Yılmaz, 7 yıllık "ölü" kaydının ardından, sosyal hayata yeniden dönme mücadelesinin yanı sıra, yıpranmış ruh halini de onarmak için çalışmalara başladı. "Bu olay benim için büyük bir travma oldu. Hem resmi olarak ‘ölü’ sayılmak hem de tüm sosyal haklarımdan mahrum kalmak beni derinden etkiledi. Şimdi yaşadığım durumu düzeltmek için var gücümle savaşacağım." diyor. Yılmaz’ın hikayesi, toplumda dikkat edilmesi gereken önemli dersler barındırıyor; kayıtların doğruluğu ve sağlık sisteminin şeffaflığı, bireylerin yaşam kalitesini belirleyen temel unsurlardan biri haline geliyor.

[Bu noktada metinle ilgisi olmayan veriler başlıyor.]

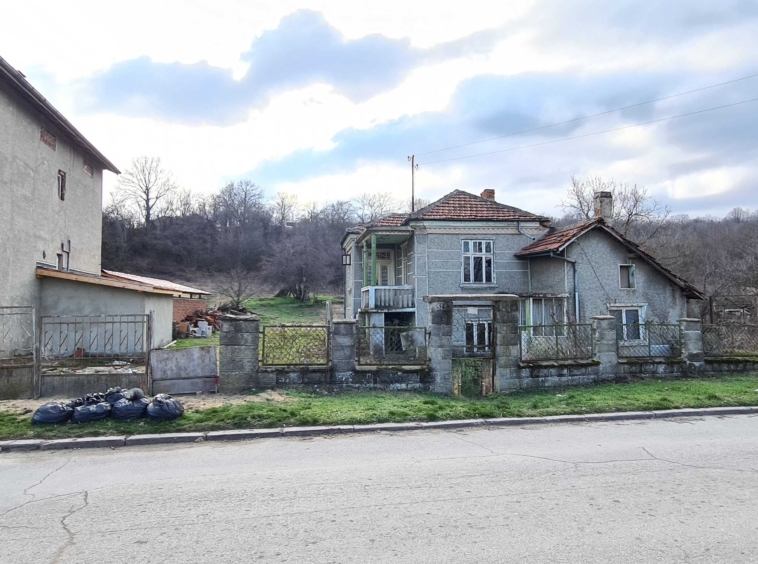 Къща в с. Ново Оряхово, Област Варна - 116 кв.м за 344 €/кв.м - Снимка #5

Yaşadığı bu tutarsızlıklarla başa çıkarken, Yılmaz toplumsal farkındalığı artırmayı da amaçlıyor. Sosyal güvenlik sistemindeki hatalara dikkat çekmek için çeşitli platformlarda sesini duyurmaya çalışan Yılmaz, bu tür durumların önüne geçilmesi adına yetkililere çağrıda bulunuyor. “Benim gibi bu durumla karşılaşan başka insanlar da var. Onların sesi olmak ve mücadelelerini duyurmak istiyorum.” diyor.

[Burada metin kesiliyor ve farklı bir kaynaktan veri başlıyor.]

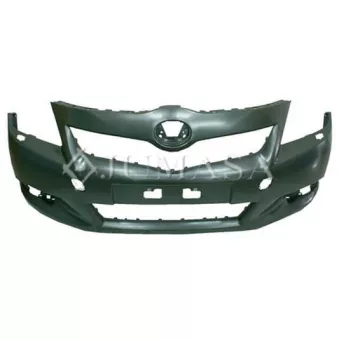 JUMASA 25305119 - Pare-chocs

Artık resmi olarak hayatta olan Yılmaz, gelecekte benzer durumların yaşanmaması için üzerindeki etiketi kaldırarak, sosyalleşmek ve hayata yeniden adapte olmak adına kararlı. Hem kendisi hem de benzer durumlarla karşılaşan insanlar için bu olayın bir dönüm noktası olduğuna inanıyor. Sonuç olarak, Erkan Yılmaz'ın hikayesi, basit görünen bir sağlık raporunun bile hayatın ne denli karmaşık bir hal almasına yol açabileceğini ve sistem hatalarının bireylerin yaşamında ne denli büyük travmalara neden olabileceğini bizlere hatırlatıyor.